Inquests held by coroners would make the biggest difference in preventing future killings involving mental health patients, according to a senior barrister.
There have been seven Welsh homicides carried out by acutely unwell mental health patients since 2016.
However none of these have received a full coroner’s inquest.
The Ministry of Justice said it could not comment on decisions by individual coroners.
A senior barrister said the Welsh government’s new system to review such cases was unlikely to be enough.
Lord Alex Carlile said it would take more to hold services to account and teach the necessary lessons.
The Welsh government said its new reviews would see learning from mental health killings “adopted throughout Wales”.
BBC Wales Investigates found one patient in Borth, Ceredigion, stabbed a stranger 10 days after being released from a psychiatric unit.
He was discharged despite doctors highlighting his “worsening mental state” and the risk he “posed with knives”.
David Fleet, who was 20 at the time, attacked Lewis Stone, 71, while he was walking his dog because of “the voices in his head”.
An internal review by Hywel Dda University Health Board into David Fleet’s care found “missed opportunities,” but lessons from the case were not shared directly with other health boards or made public.
The killing in 2019 received no coroner’s inquest hearing or independent review.
“In Wales, in my view, the biggest single difference [to preventing mental health homicides] would be to mandate that there should be a proper inquest in each case of this type,” said Lord Carlile, a previous chairman of parliamentary committees on mental health legislation.
What are coroner’s inquests?
- A coroner’s inquest is a type of investigation into any death which appears to have unknown, violent or unnatural causes
- Coroners are a type of specialist judge, most are lawyers themselves and answer only to the High Court
- Their inquests are heard in public – and can involve witnesses and evidence
- Normally they answer four questions: Who has died, how did it happen, where and when?
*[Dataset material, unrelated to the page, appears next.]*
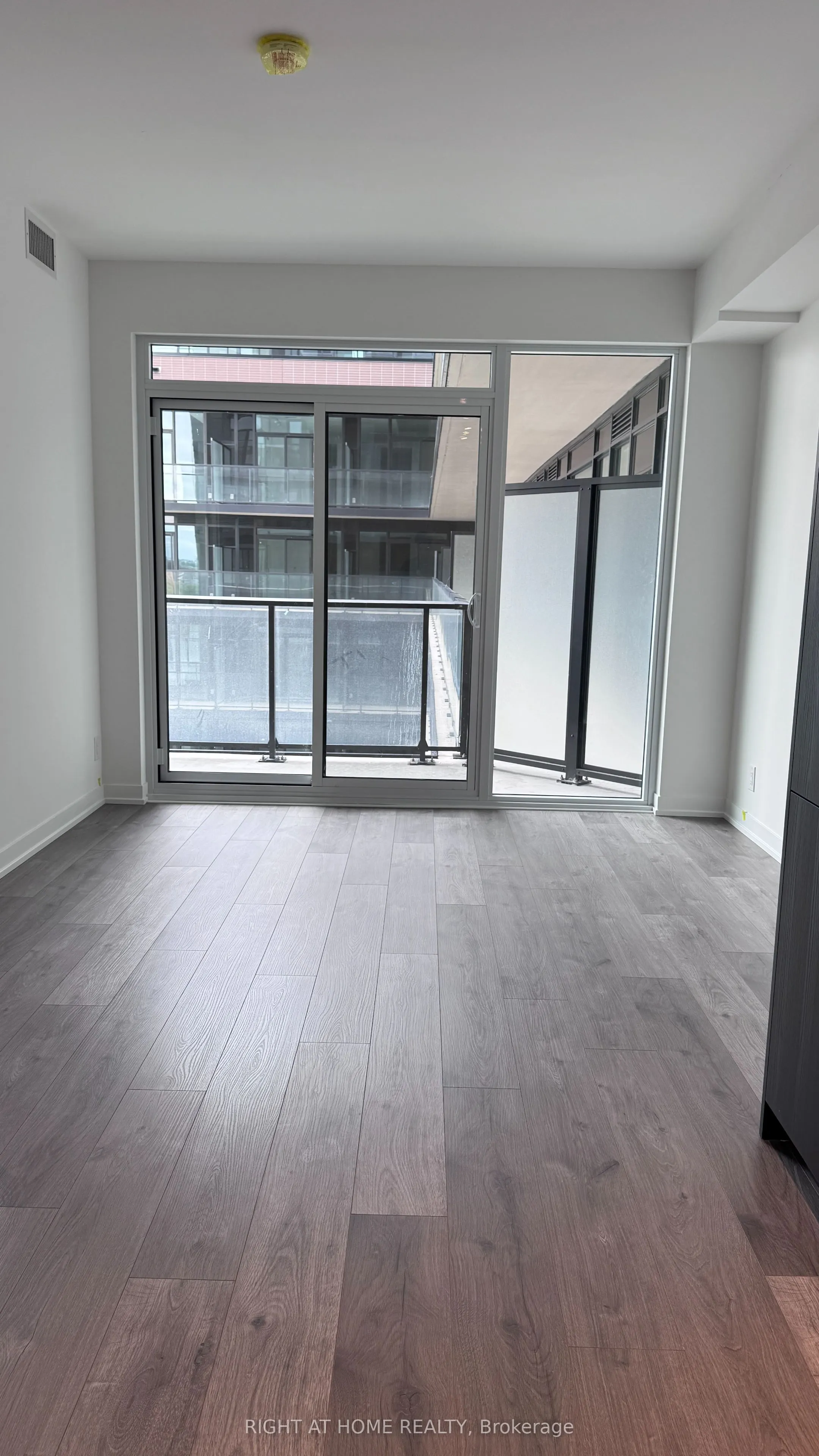 285 Dufferin Street #1027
However, some special forms of inquest can also look at whether any organisations may have been at fault in the build-up to the death
- Coroners don’t have the power to blame individuals – but can reach a “narrative” conclusion where they describe the circumstances surrounding the death – and write reports suggesting action to help prevent similar deaths
“It’s public, so it is accountable, and the evidence is tested forensically, by which I mean the barristers or solicitors can cross-examine witnesses, including expert witnesses, to ascertain that everything is revealed,” said Lord Carlile.
He said it was vital to look “at the lessons from past cases”.
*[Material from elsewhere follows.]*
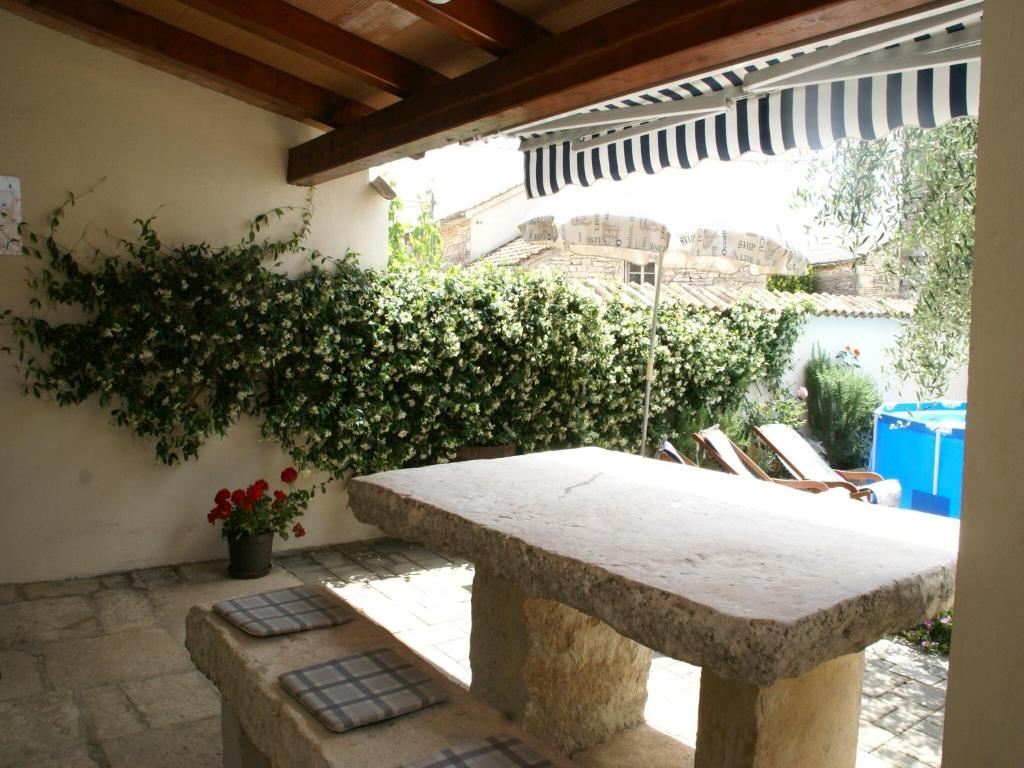 Fotografia z galérie ubytovania Traditional villa with private pool v destinácii Peresiji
Several coroners’ offices told BBC Wales Live that mental health homicides which all go through the crown court were unlikely to get inquest hearings too as it risked duplicating already heard material.
However, some of the families involved are concerned.
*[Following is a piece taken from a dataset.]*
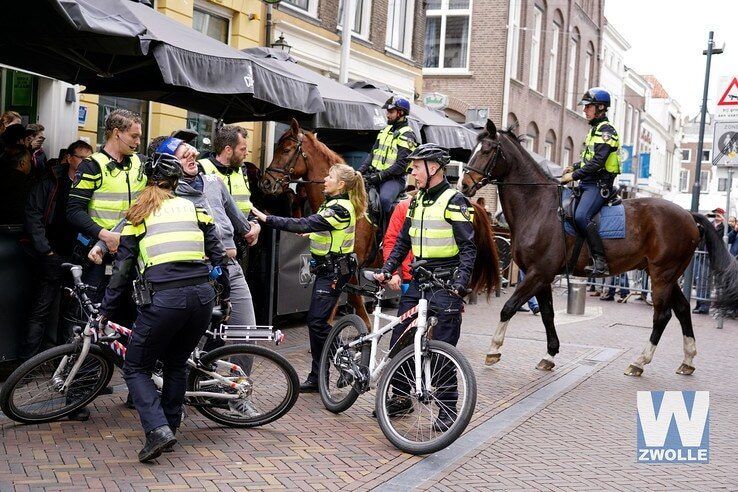 Politieoefening in de Voorstraat in Zwolle - Foto: Gonny van Duinen Fotografie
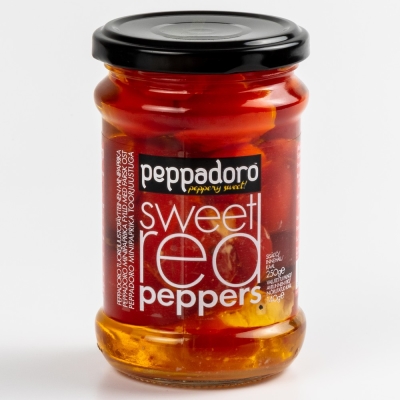 Перец красный Peppadoro сладкий фаршированный сыром ст/б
They believe more should be done to hear about potential failings and missed opportunities in the build-up to killings.
Four months after he was discharged from a psychiatric unit, Garvey Gayle stabbed his mum Amanda multiple times and killed his father in 2020.
Amanda said the attack could have been prevented if her son had been given more support.
More than two-and-a-half years later, she is still waiting to find out if there will be a coroner’s inquest into Michael’s death.
She is worried lessons, which could help prevent similar incidents, are taking too long.
“I just want some answers about how, maybe, this could have been prevented if we’d had more help,” she said.
“There are a lot of unanswered questions at the moment we’re still waiting on.”
Amanda is now pushing for a special type of inquest, called an Article 2 inquest.
This would look at Michael’s death and whether any organisations involved in her son’s care need to make changes.
She said it was vital for her family that they learned whether anything could have been done to prevent the attack.
The Welsh government’s new process for independent reviews into these cases is supposed to take less than a year from the time they are commissioned.
Garvey Gayle’s case will be one of the first to be looked at under the new system.
Amanda said she had been told not to expect the results until after the third anniversary of Michael’s death.
She said she was “appalled” at the time it had taken.
“I don’t think it’s fair on the family at all,” Amanda added. “I don’t understand why these things have taken so long. I just hope another family doesn’t have to experience what we’re going through.”
South Wales Police, Cardiff and Vale University Health Board and the Welsh government said they could not comment on the case because of the review.
The Welsh government said its new review system would recognise the need for “greater co-ordination and communication” between organisations when investigating mental health homicides.”
A spokesperson said the new system “eliminates” the need of multiple “onerous and traumatising reviews”.
They added it will “build a greater understanding of what happened during an incident and why, and provide a clear action plan to improve services.
“Importantly, it will ensure learning is adopted throughout Wales,” they added.